Task to carry out »
Down to the last line of the listing, starting at the one with "Man hands patterned", retype each line exactly. Do not copy the pictures.

Data extract »
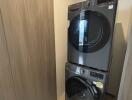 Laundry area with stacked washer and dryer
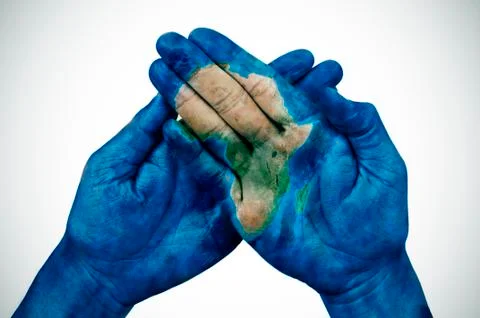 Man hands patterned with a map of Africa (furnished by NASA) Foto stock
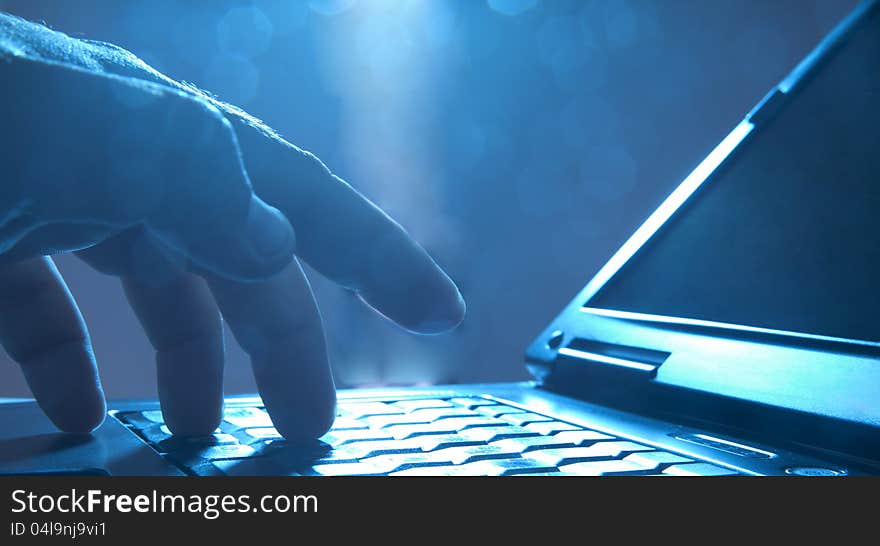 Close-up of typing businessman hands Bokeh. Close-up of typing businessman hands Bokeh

Answer area »
 Man hands patterned with a map of Africa (furnished by NASA) Foto stock
 Close-up of typing businessman hands Bokeh. Close-up of typing businessman hands Bokeh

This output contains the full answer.